Amounts paid or payable for or in relation to the work
Having concluded that the threshold test under section 32 was satisfied and subject to the application of exemptions, the remaining matter in question was whether an amount was paid by Uber which could be taken to be a “wage” under section 35. Under section 35, the amounts paid or payable under the “relevant contract” are taken to be payroll tax wages where it is “for or in relation to the performance of work”.
Hammerschlag CJ noted that Uber’s argument, that the term “for” requires that the payment is in the character of remuneration, has force.
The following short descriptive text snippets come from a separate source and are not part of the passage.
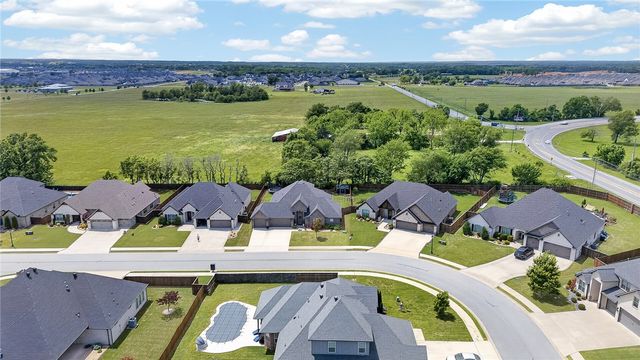 1931 Shepherd Boulevard, Centerton, AR 72719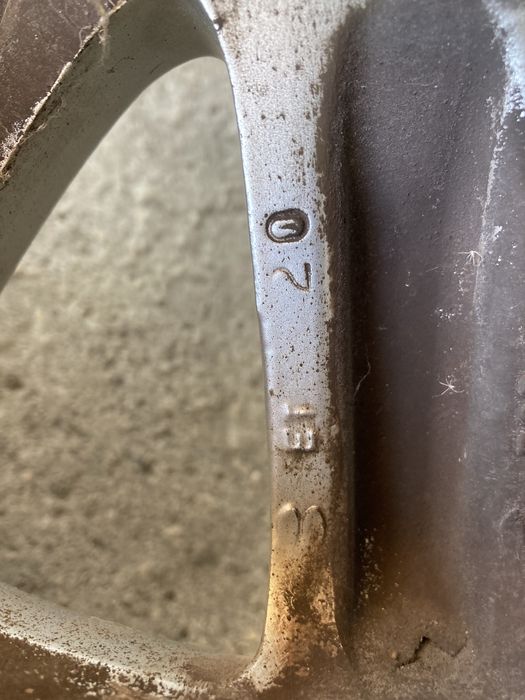 Гуми с джанти за BMW 235-45-17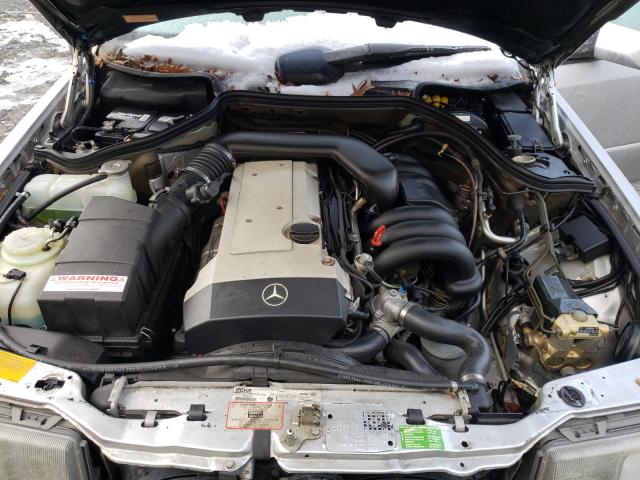 Photo 6 VIN: WDBEA66E6PB918440 - MERCEDES-BENZ 300 CECV 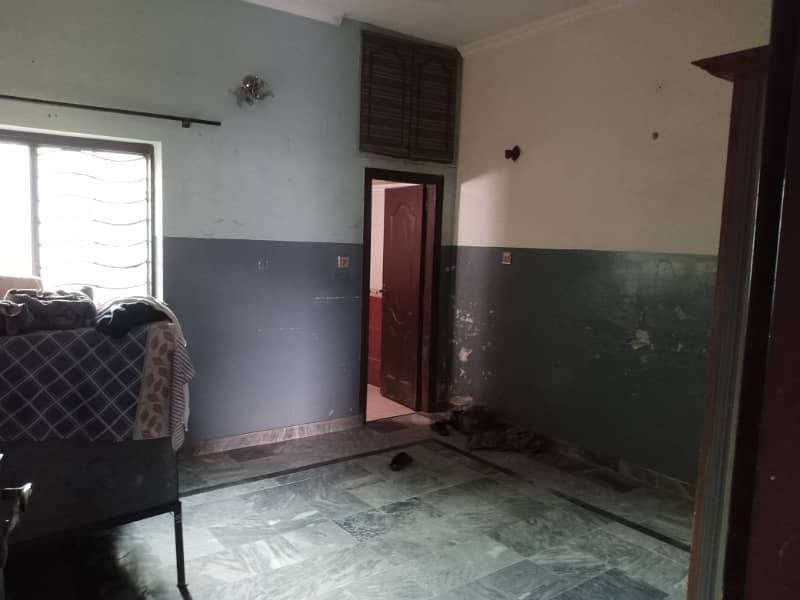 Triple Story Used House With reasonable price in Rawalpindi 11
In this regard, he concluded that the payments made by Uber do not have that character.
With respect to the term “in relation to”, he observed that, whilst it is of “wider ambit” than “for” and does not have to have the character of remuneration, “some form of reciprocity or ascertainable calibration between the money paid and the work done is required”. In this regard, the Court observed that the overall intention of the Contractor Provisions, is “to capture several means of disguising the employer-employee relationship by contractual arrangements which had been increasingly resorted to by persons seeking to defeat the objects of the Act”. Hammerschlag CJ noted that this was not the case for Uber and drivers.
Further, Hammerschlag CJ referred to the High Court decision in CFMEU v Personnel Contracting Pty Ltd (2022) 275 CLR 165, which in His Honour’s view, compelled that the characterisation of the payments must proceed by reference to the written contracts which “reflect and govern the legal relationship between the contracting parties and by reference to the rights and obligations to which the contracts give rise”. In this regard, from the written contracts in place, the Court observed that: “It is not Uber who pays the driver. The rider does that. Uber is a mere “payment collection agent””.
As noted, the terms of the contract can be referenced as being relevant to this conclusion, as they specify payment by a rider to Uber “shall be considered the same as payment made directly by the rider to the third party provider”, and that “Uber will facilitate the rider’s payment of the applicable charges on behalf of the third-party provider as the provider’s limited payment collection agent”.
Having made these findings and returning to the question of whether payments by Uber to drivers were “for” or “in relation to” work performed under the contract, Hammerschlag CJ acknowledged that there is some form of relationship between the payments and the work performed under the contract. However, in the context of his earlier commentary regarding the purpose of the Contractor Provisions, and having focussed his analysis on the written terms of the contract, his Honour concluded: “I do not consider that that relationship [between the payment and the work] is one which can fairly be described as being “in relation to” the work, in the context in which that phrase appears in s 35(1) and with the objects of Division 7 squarely in mind. There is no element of reciprocity or calibration between the driver and Uber or the rider and Uber with respect to the money paid by the rider. Those elements exist only between the driver and the rider”.
On this basis, it was determined that payments made by Uber to drivers ought not be viewed as ‘wages’ under section 35, meaning while a relevant contract existed, there were no ‘wages’, and no payroll tax liability arose.